Scraped caption text data
|---|

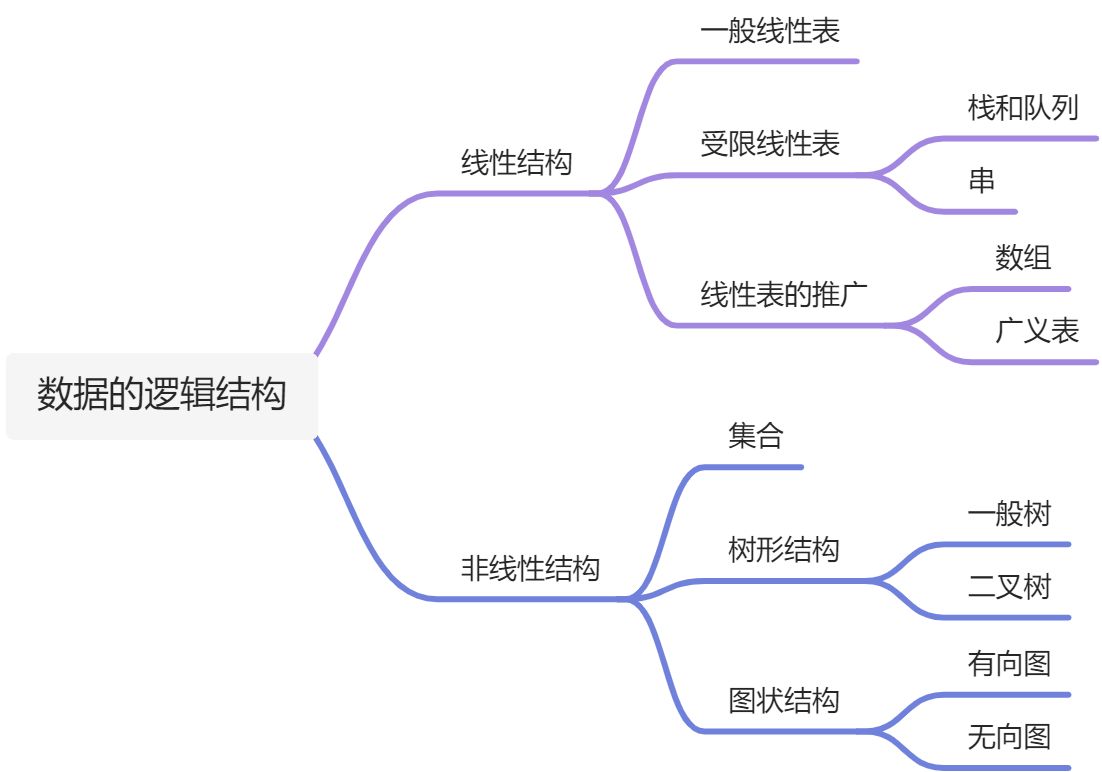 🥬数据结构 - 图2
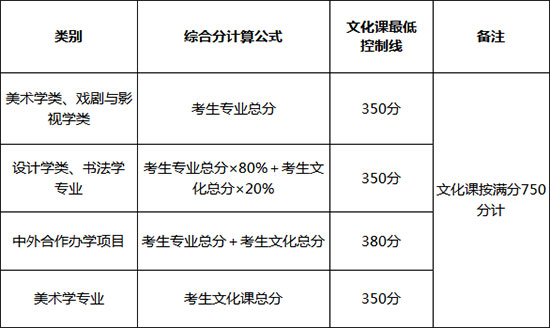 2019年鲁迅美术学院招生政策有新调整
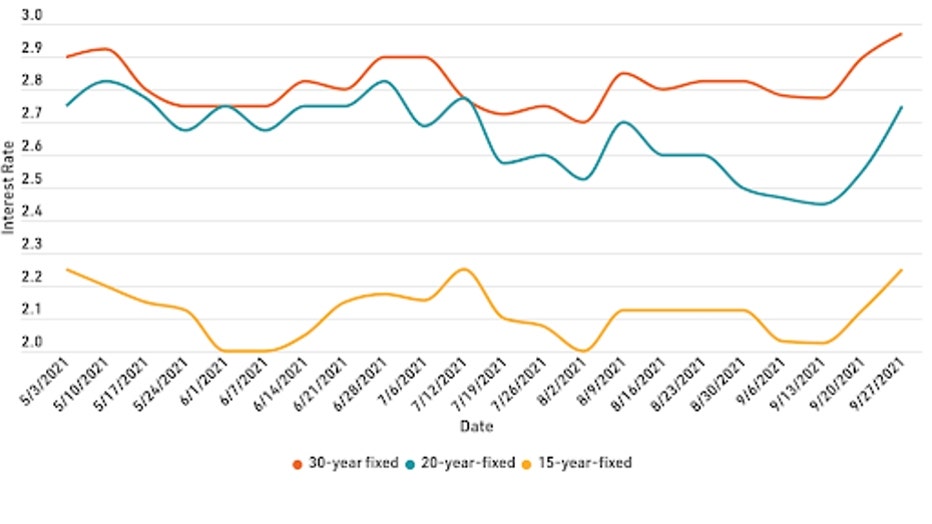 mortgage-refi-graph-1-10821.jpg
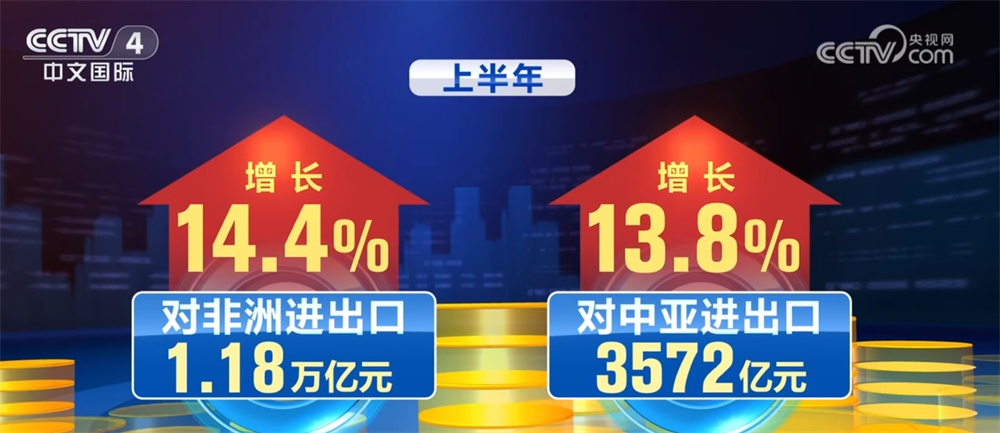 企业主动应变求新推动出口动能向优向新 中国外贸发展韧性凸显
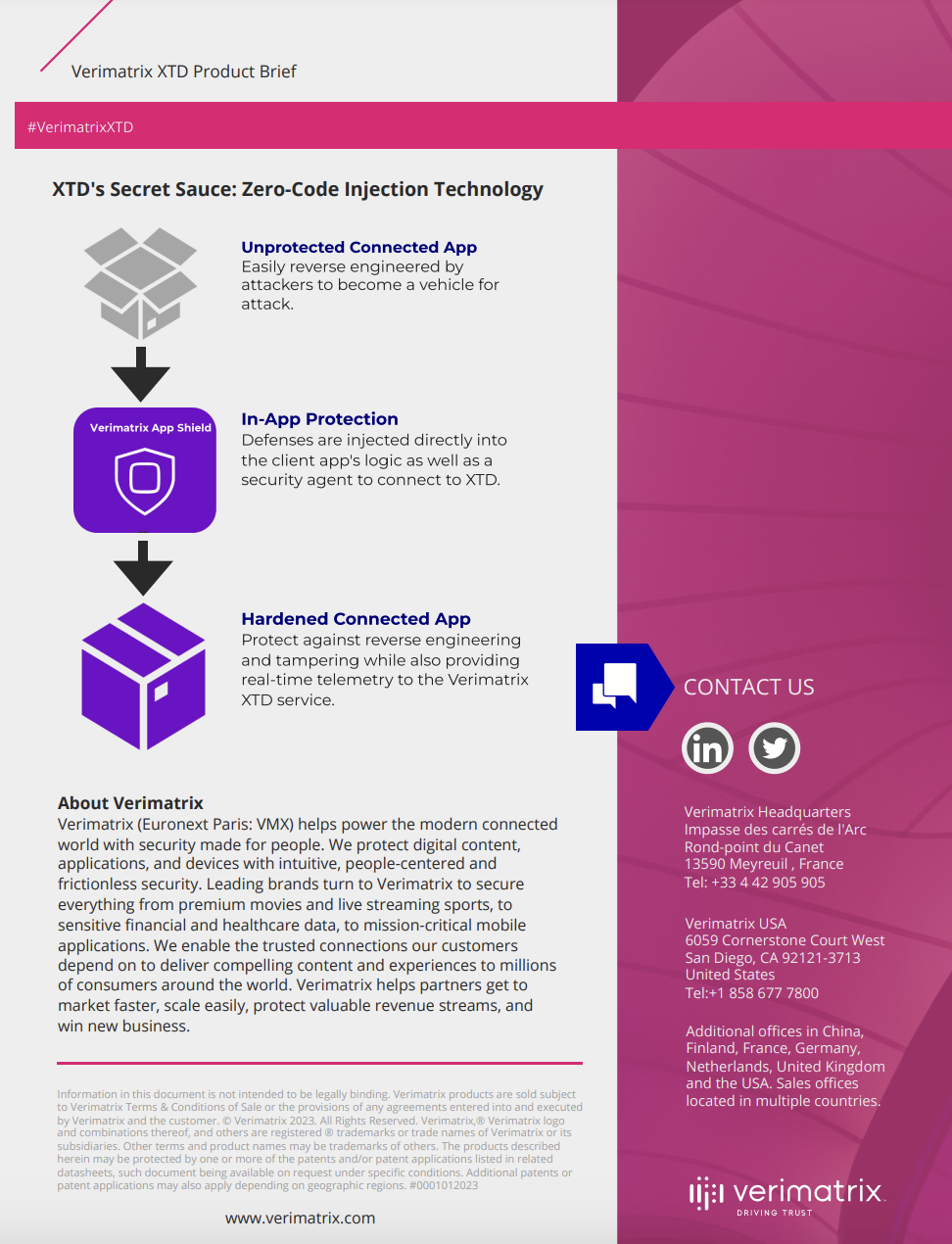  Verimatrix XTD: Trailblazing Cybersecurity for Mobile Apps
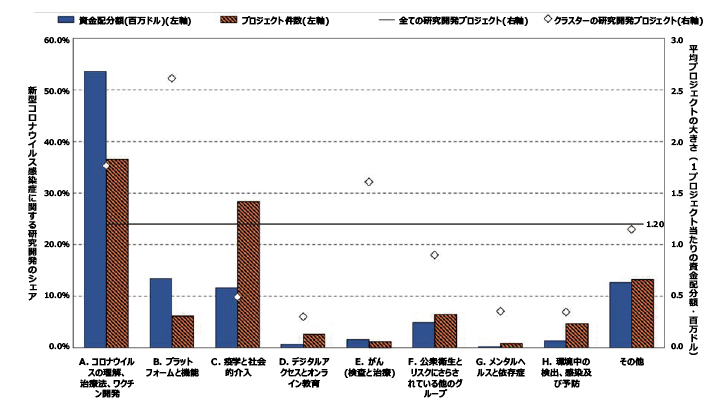 図表2　8つのトピック・クラスターにおける新型コロナウイルス感染症に関連する研究開発プロジェクトの件数と資金配分額の分布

|---|

> What to work on
From the line containing "mortgage-refi-graph-1-10821.jpg" down to the last line of the data, print every line exactly and nothing else. Pictures stay out of the copy.

> Task output
 mortgage-refi-graph-1-10821.jpg
 企业主动应变求新推动出口动能向优向新 中国外贸发展韧性凸显
  Verimatrix XTD: Trailblazing Cybersecurity for Mobile Apps
 図表2　8つのトピック・クラスターにおける新型コロナウイルス感染症に関連する研究開発プロジェクトの件数と資金配分額の分布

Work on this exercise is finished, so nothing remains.